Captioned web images
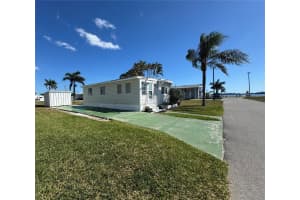 8 6TH STREET, BRADENTON, FL 34210 - MLS#MFRA4689687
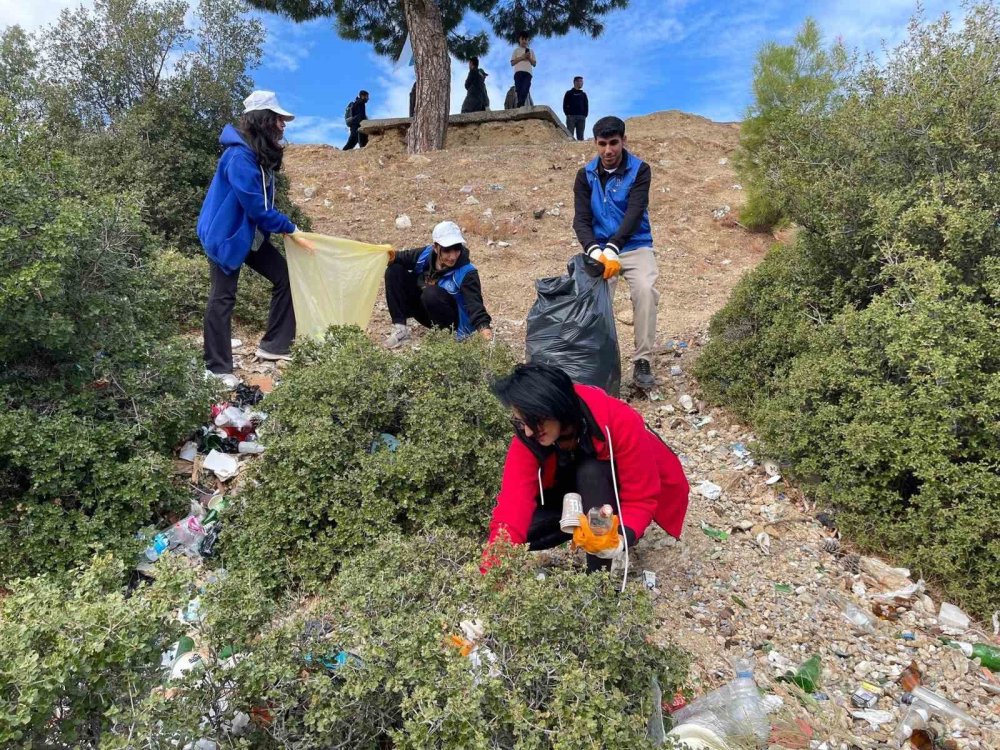 Kavşit Yaylası’nda ormanlar çöpten arındırıldı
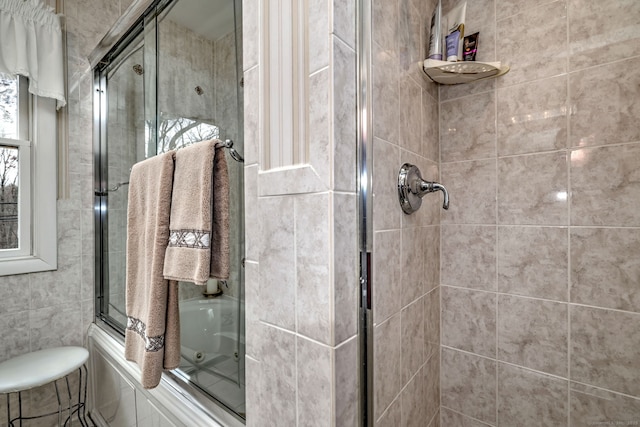 bathroom with tiled shower / bath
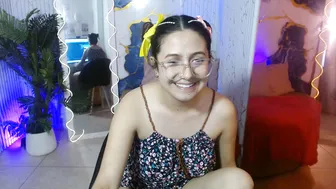 tiiana_tay recorded nude video 893130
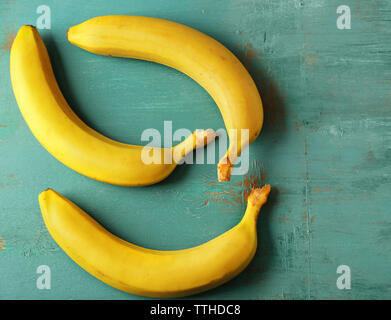 Reife Bananen auf Blau Holz- Hintergrund Stockfoto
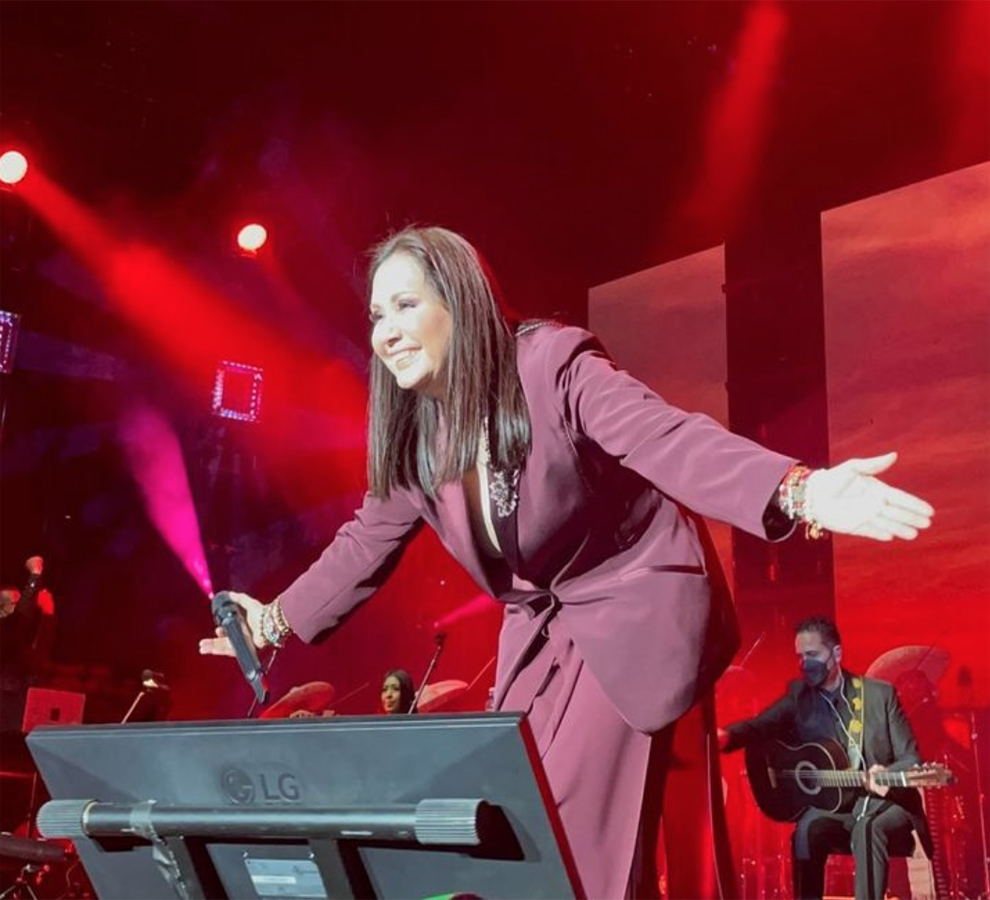 Ana Gabriel deja en shock a fans al anunciar su retiro de los escenarios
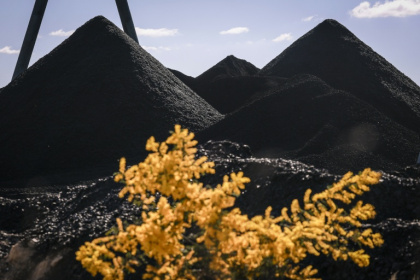Stockpiles of washed coal ready to be transported at the Moolarben mine, operated by Yancoal Australia, in New South Wales on September 3, 2026 - DAVID GRAY (AFP)
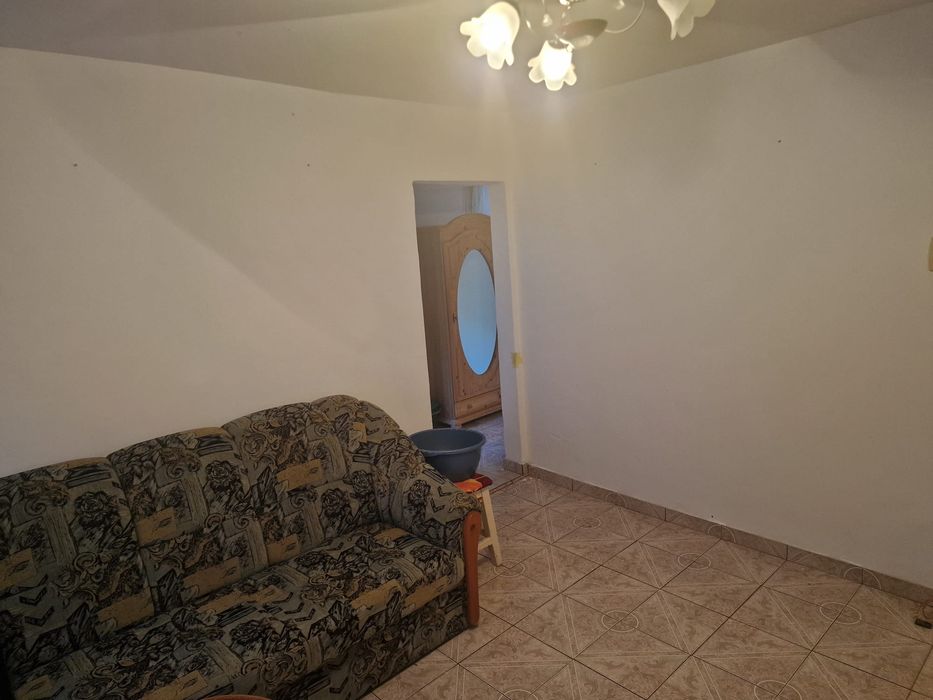 Ap  2  Cam Posta Maratei 42mp parter circular mobilat semirenovat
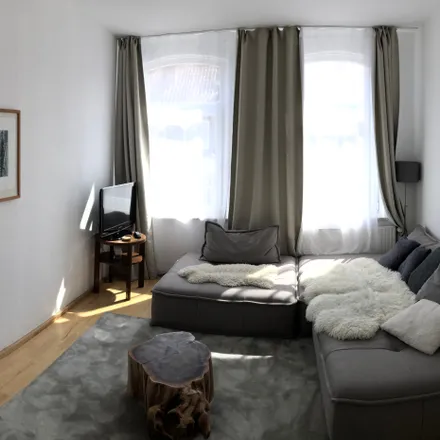Rent this 2 bed apartment on Querstraße 30 in 30519 Hanover, Germany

## The problem:
Using the data above, give again exactly the lines starting at the one holding "tiiana_tay recorded nude video 893130" and ending at the one holding "circular mobilat semirenovat", inclusive, and nothing more. Omit the pictures.

## Reply to the exercise:
 tiiana_tay recorded nude video 893130
 Reife Bananen auf Blau Holz- Hintergrund Stockfoto
 Ana Gabriel deja en shock a fans al anunciar su retiro de los escenarios
Stockpiles of washed coal ready to be transported at the Moolarben mine, operated by Yancoal Australia, in New South Wales on September 3, 2026 - DAVID GRAY (AFP)
 Ap  2  Cam Posta Maratei 42mp parter circular mobilat semirenovat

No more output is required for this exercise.